The four major frontier AI labs have stopped competing on the same axis. Anthropic is selling raw intelligence, OpenAI is selling reliability, Google is selling multimodal breadth, and the open-source flank is selling price.

What that leaves Anthropic with is a strange kind of victory, the kind that comes from holding a trophy nobody else turned up to compete for. Being the smartest still matters when smartness is what the customer needs, but the customers who need it on a Tuesday afternoon also need a dozen other things the rest of the week, and the rivals have quietly spent the last year making sure they're the ones who get reached for in those other moments. Fable is the model nobody else built. It's also, increasingly, the model nobody else needed to.

Nobody Picks Just One Anymore

Underneath all of this, the shape of the market has changed in a way that no one has quite captured. A year ago, picking an AI model was a single decision: the smartest one, if you could afford it. Now most serious teams are using two or three models in the same week. GPT-5.5 for daily work. Fable when something is hard. Opus when Fable's price doesn't earn its keep. Cheaper models for the long tail of small jobs. There is no longer a single right answer, and the big AI labs would prefer that this didn't catch on, because their premium pricing depends on the old idea that customers will pick a flagship and stay loyal to it.

Fable, for what it's worth, is genuinely impressive. The endurance is new. The capability is real. The customer stories are not invented. It is also the newest model in this whole comparison, with rivals that have been out for months and update on a cycle Anthropic doesn't, which means whatever lead it holds today is the kind a competitor can take back.
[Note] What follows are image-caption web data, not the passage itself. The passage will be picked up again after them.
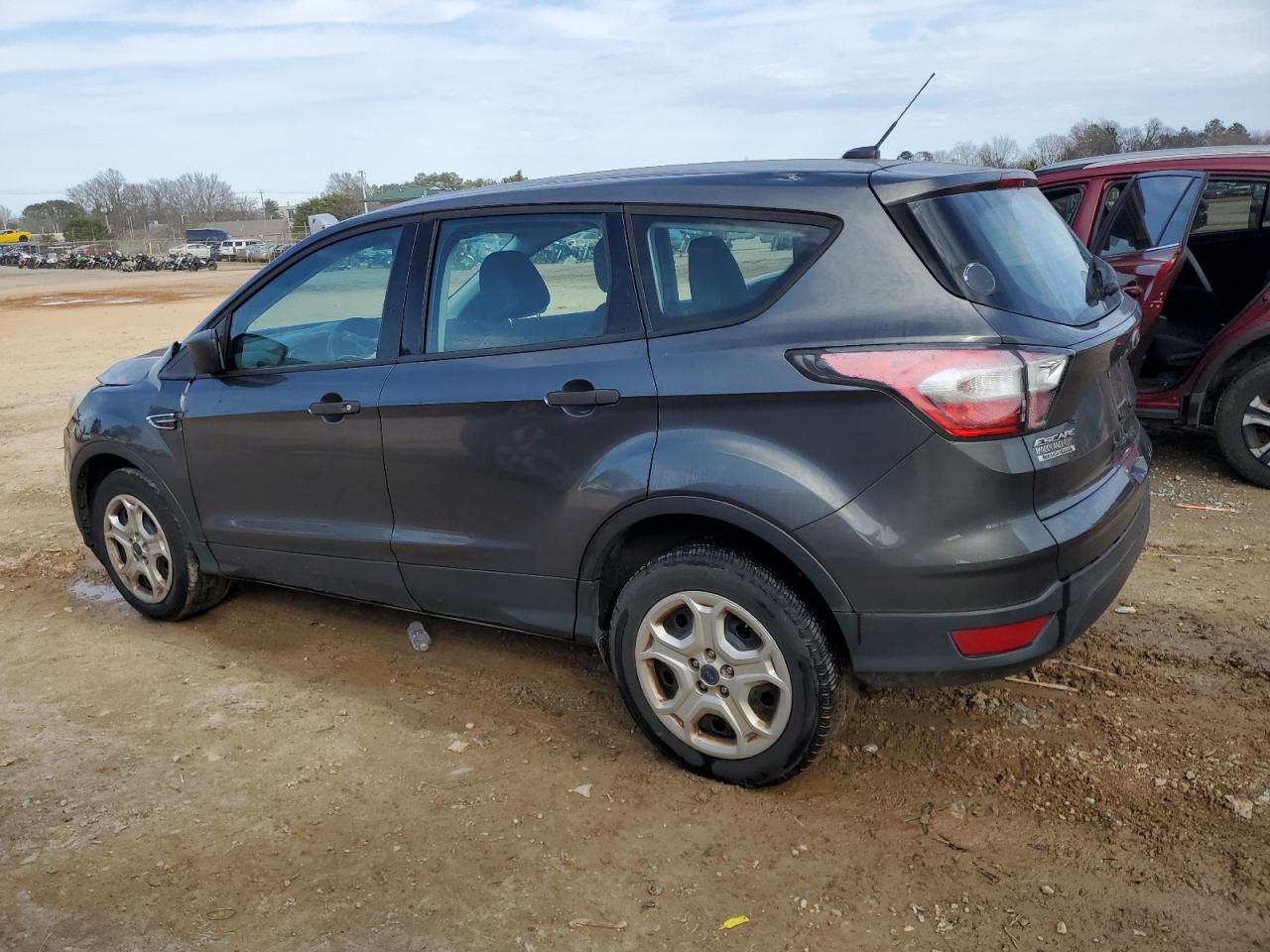 2017 Ford Escape VIN 1FMCU0F72HUA88409 Copart auction photo, front end damage thumbnail 2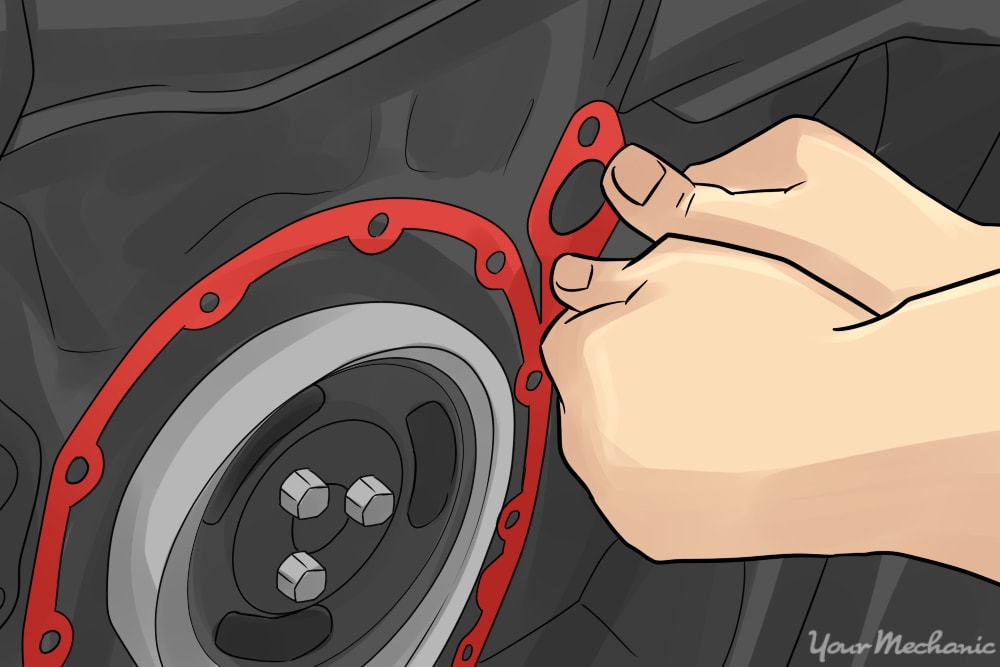 Timing cover hot sale seal replacement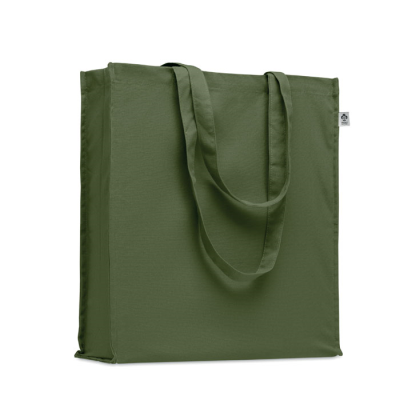 Picture of ORGANIC COTTON SHOPPER TOTE BAG in Green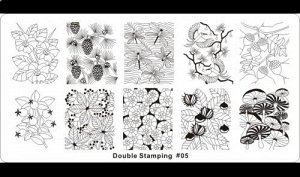 Пластина для стемпинга №5 Double Stamping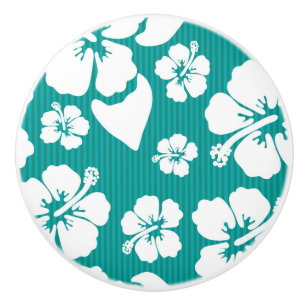 Hawaianskt hibiskusblommamönster knopp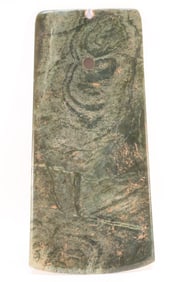Jade Carved Bird Pattern Axe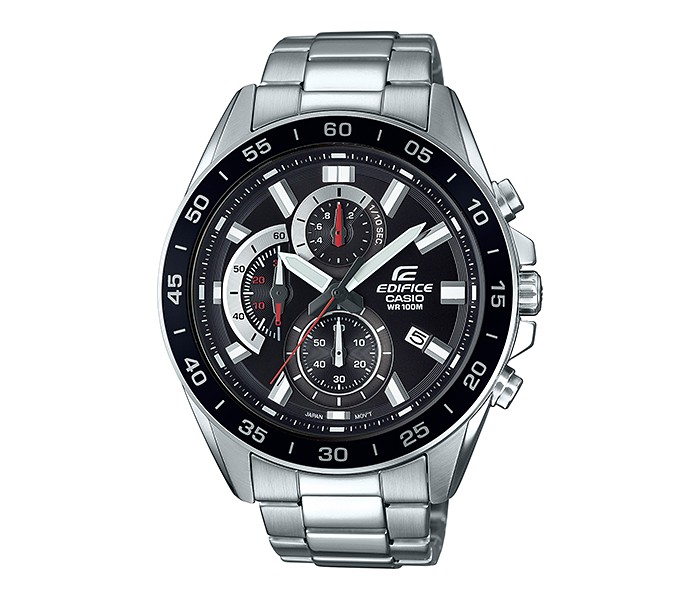 Casio Edifice EFV-550D-1AVUDF Mens Analog Watch Silver and Black - Zoom Image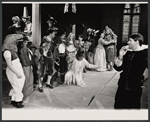 Ensemble in the stage production The Old Glory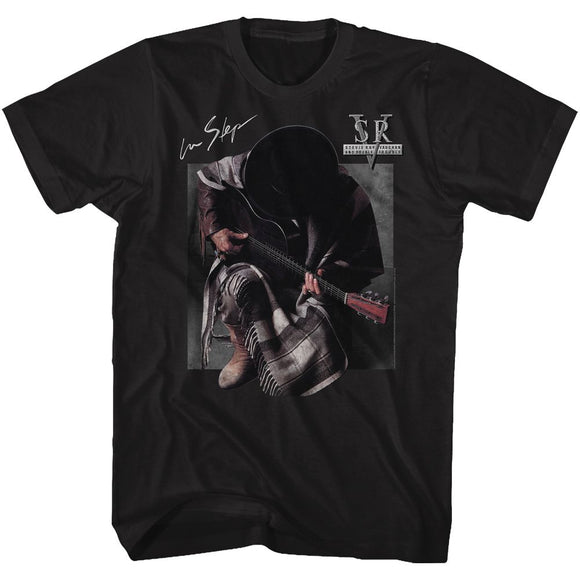 STEVIE RAY VAUGHAN IN STEP S T-Shirt in Black
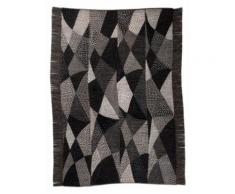 Orientteppich, Chiya Tiama 1, DIE HAUSKUNST, rechteckig, Höhe 4 mm, handgewebt grau Baumwollteppiche Naturteppiche Teppiche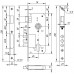 Корпус врезного замка с защёлкой DD900/C-45.85.3MR (900 3MR/CP W/B), Латунь, PB, Фуаро, Fuaro
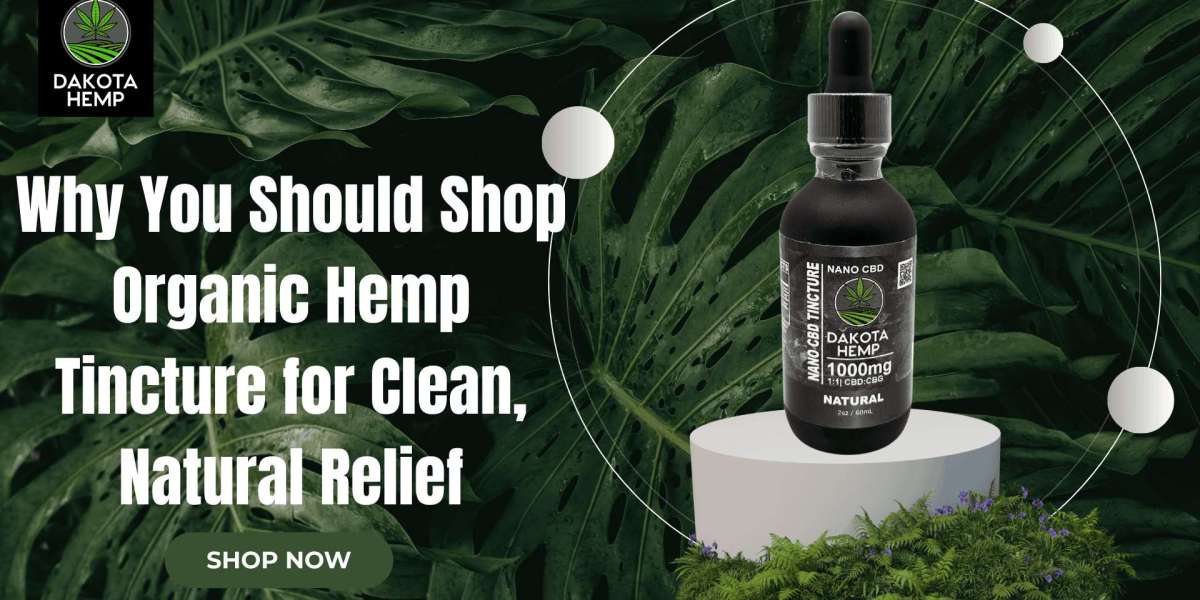 Shop Organic Hemp Tincture | Dakota Hemp Wellness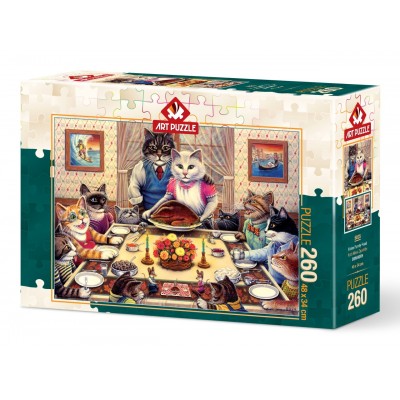 Puzzle Art-Puzzle-5025 Famille de Chats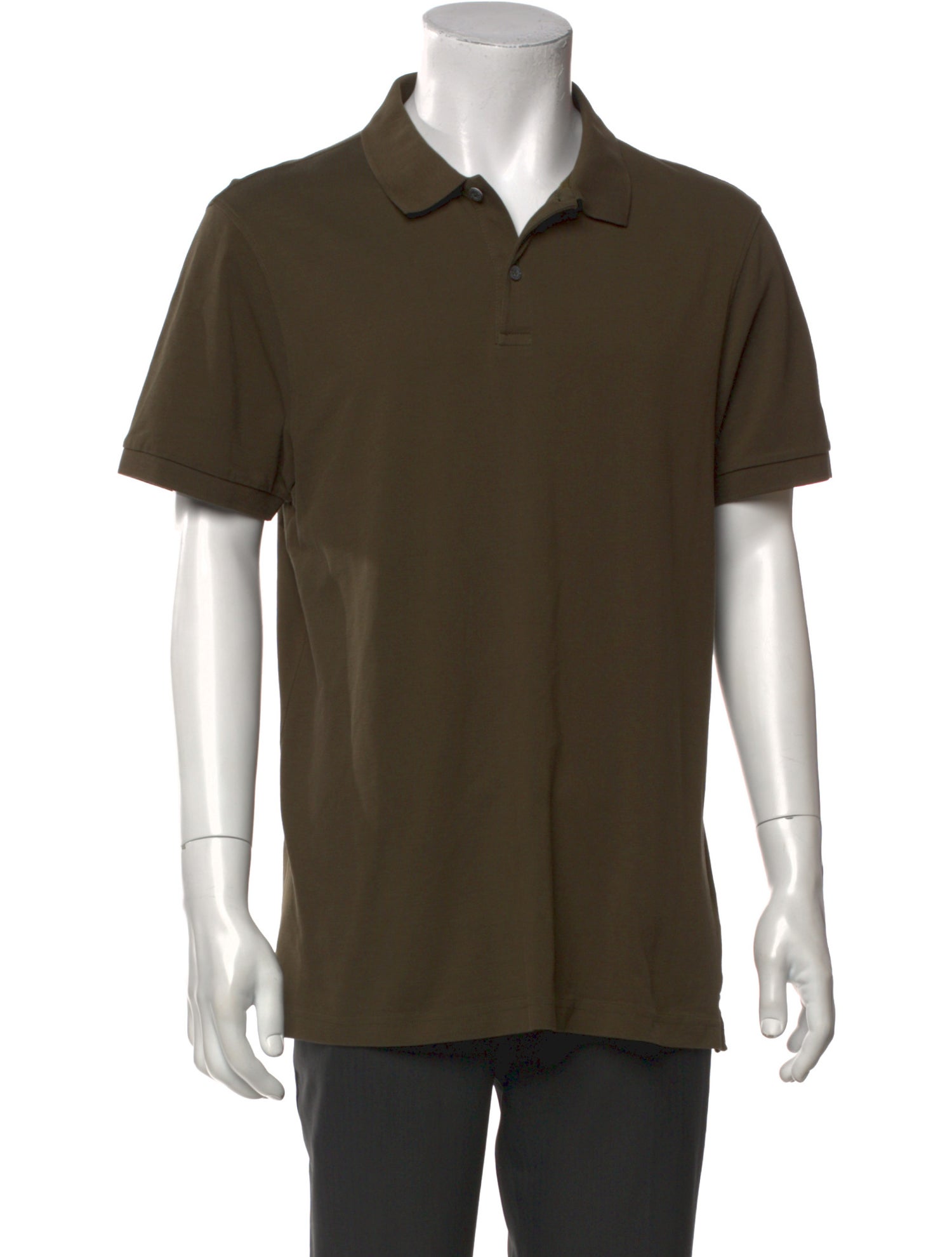Sunspel Crew Neck Short Sleeve Polo Shirt
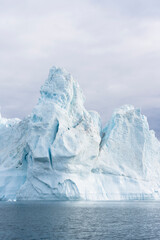 Aerial of the Ilulissat Icefjord, UNESCO World Heritage Site, Western Greenland, Denmark, Polar Regions © Milosz Maslanka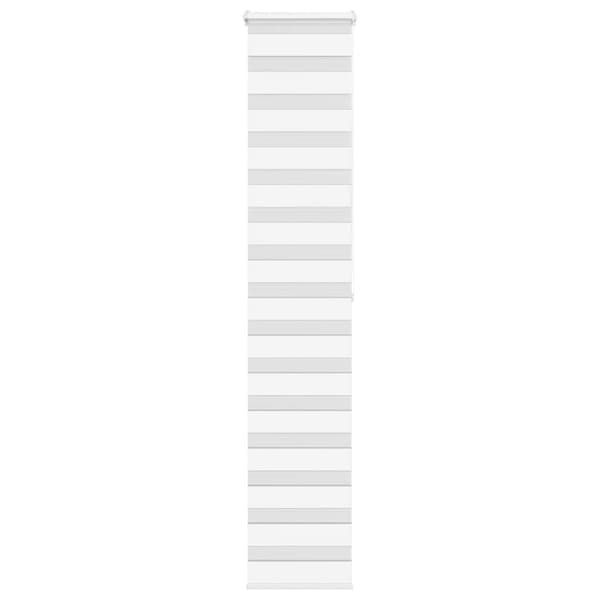 vidaXL zebrarullegardin, hvid, stofbredde 45,9 cm, polyester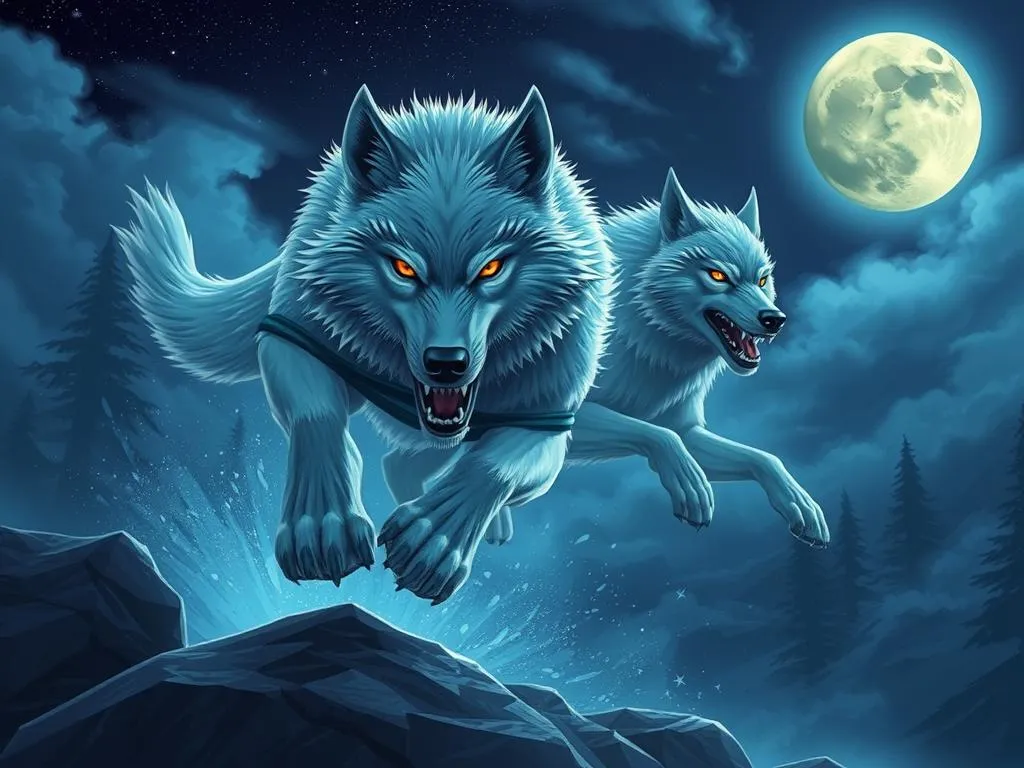 lobo brillante ojos corriendo hacia ti significado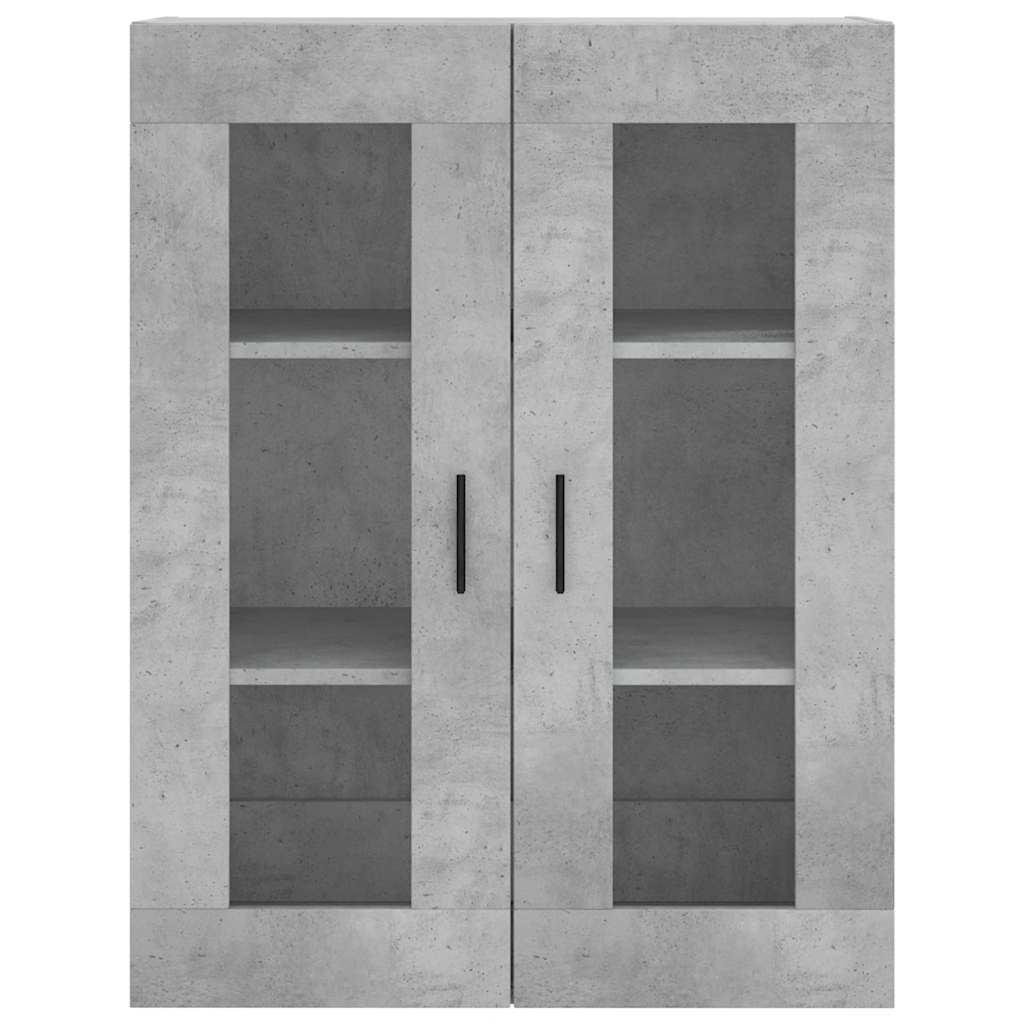 Highboard Concrete Grey 69,5x34x180 cm Engineered Wood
But the gap between what Fable does best and what most people need on a Tuesday afternoon is wide enough to walk through, and the cost of pretending otherwise is steeper than the Anthropic made it sound.

The smartest AI model in the world is not the same thing as the best AI model for your work. That distinction used to be academic. With Fable on the market at the price Anthropic is charging, it has stopped being academic at all.